■ **Task**:
What needs reproducing is the run of lines in the data below starting at the line with "GoldNutrition" and ending at the line with "Epson PowerLite Pilot 2", both ends included. Copy it exactly, without pictures, and add nothing.

■ **Listed entries**:
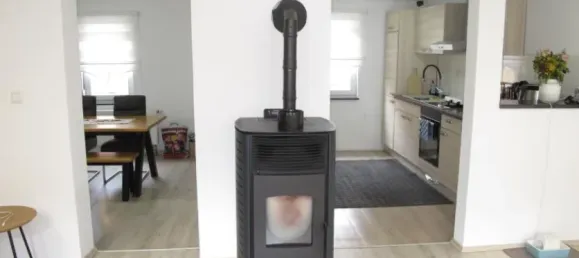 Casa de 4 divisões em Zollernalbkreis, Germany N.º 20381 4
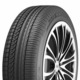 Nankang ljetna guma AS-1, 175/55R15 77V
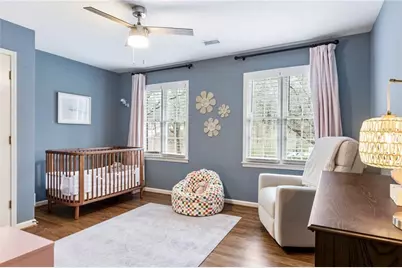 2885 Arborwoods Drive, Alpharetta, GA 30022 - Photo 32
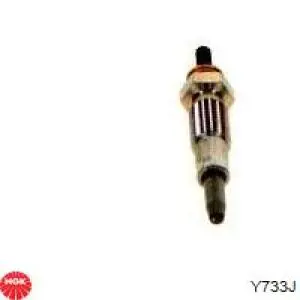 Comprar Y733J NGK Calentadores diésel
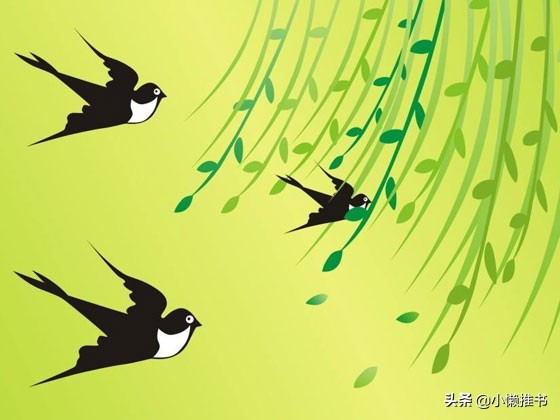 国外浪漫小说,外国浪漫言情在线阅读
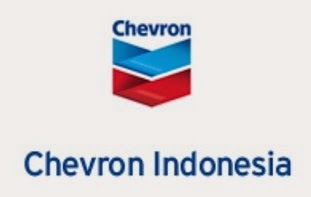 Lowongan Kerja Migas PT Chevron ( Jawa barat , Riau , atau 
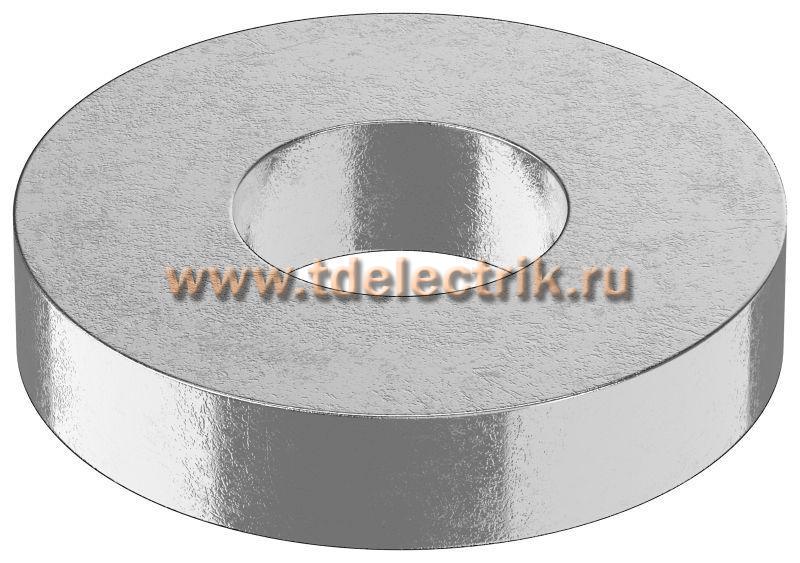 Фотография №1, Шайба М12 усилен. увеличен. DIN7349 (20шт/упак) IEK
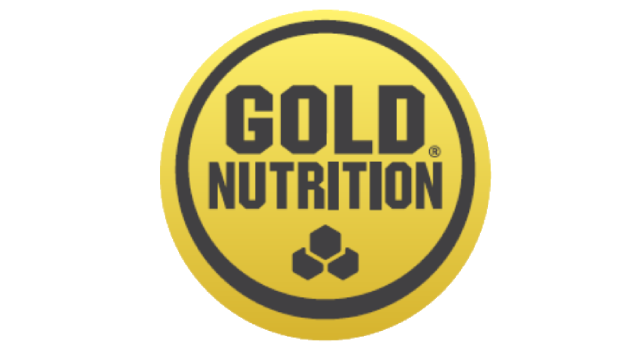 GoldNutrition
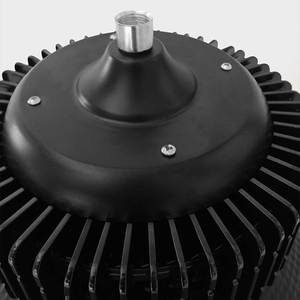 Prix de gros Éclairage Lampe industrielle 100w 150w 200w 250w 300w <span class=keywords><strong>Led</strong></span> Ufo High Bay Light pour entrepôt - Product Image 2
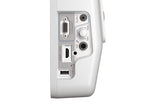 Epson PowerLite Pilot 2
---
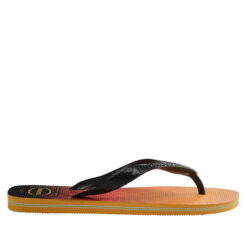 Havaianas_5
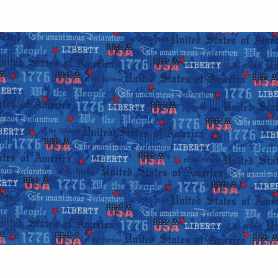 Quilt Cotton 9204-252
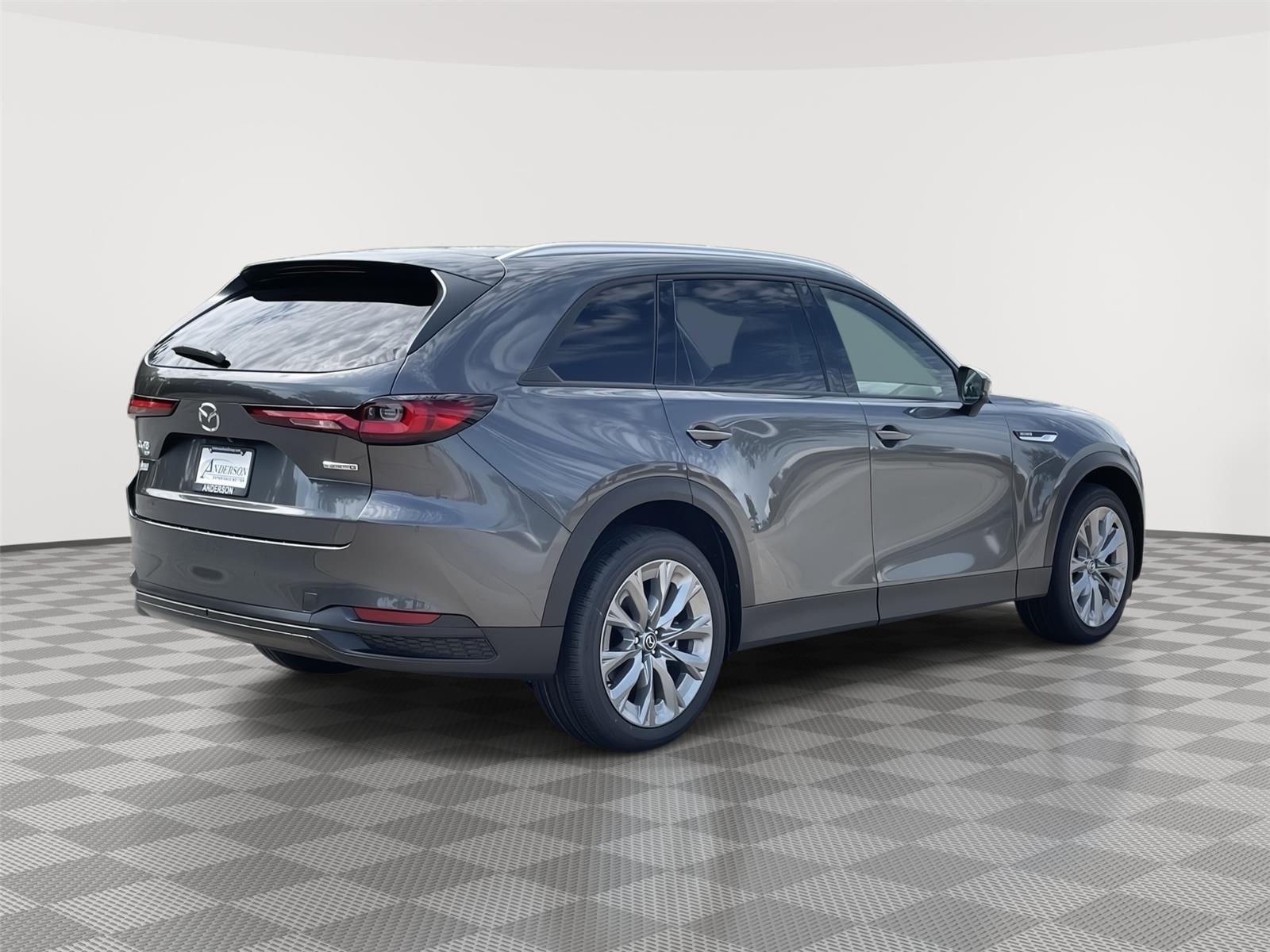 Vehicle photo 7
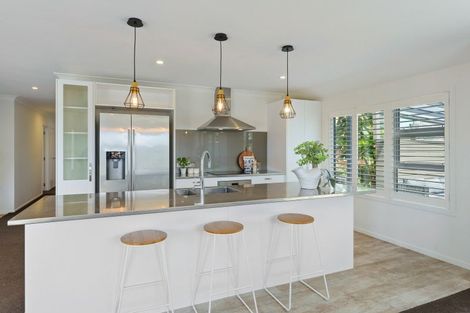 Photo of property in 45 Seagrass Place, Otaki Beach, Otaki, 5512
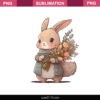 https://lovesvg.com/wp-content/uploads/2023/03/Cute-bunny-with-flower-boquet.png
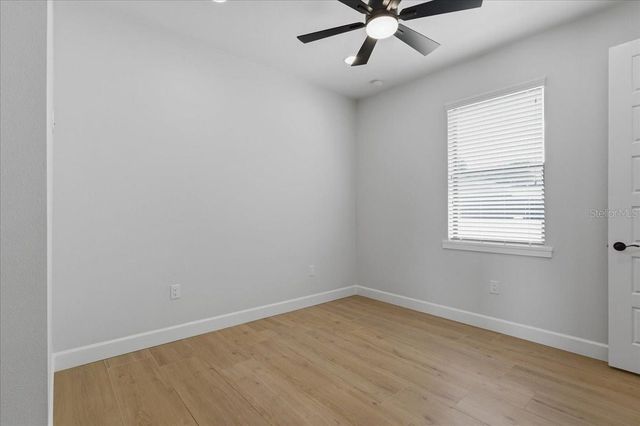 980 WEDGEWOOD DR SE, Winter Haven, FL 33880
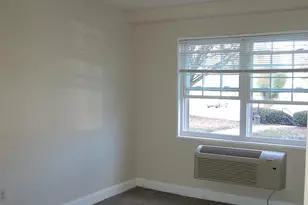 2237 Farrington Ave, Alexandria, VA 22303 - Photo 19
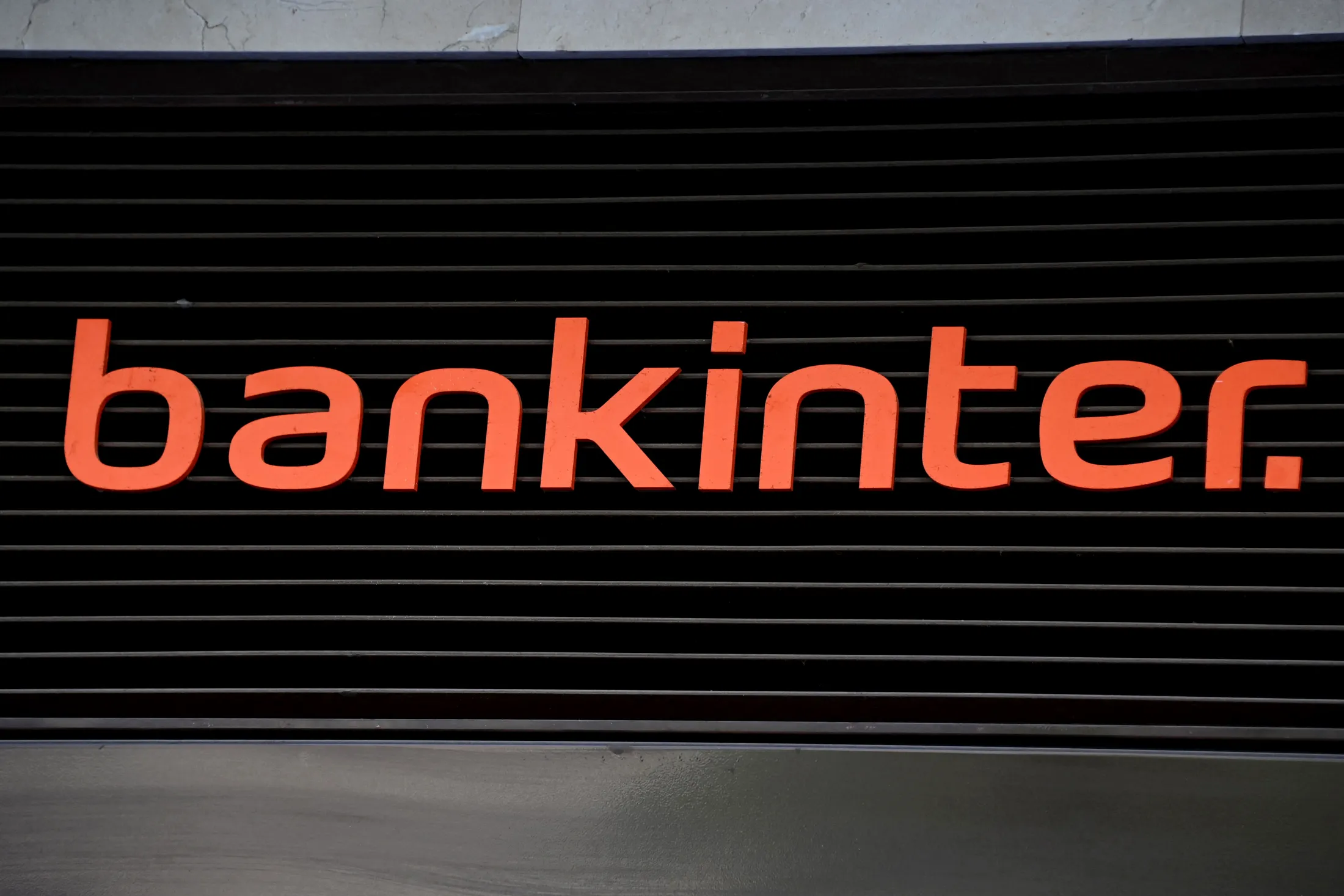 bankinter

■ **Written answer**:
 GoldNutrition
 Prix de gros Éclairage Lampe industrielle 100w 150w 200w 250w 300w <span class=keywords><strong>Led</strong></span> Ufo High Bay Light pour entrepôt - Product Image 2
 Epson PowerLite Pilot 2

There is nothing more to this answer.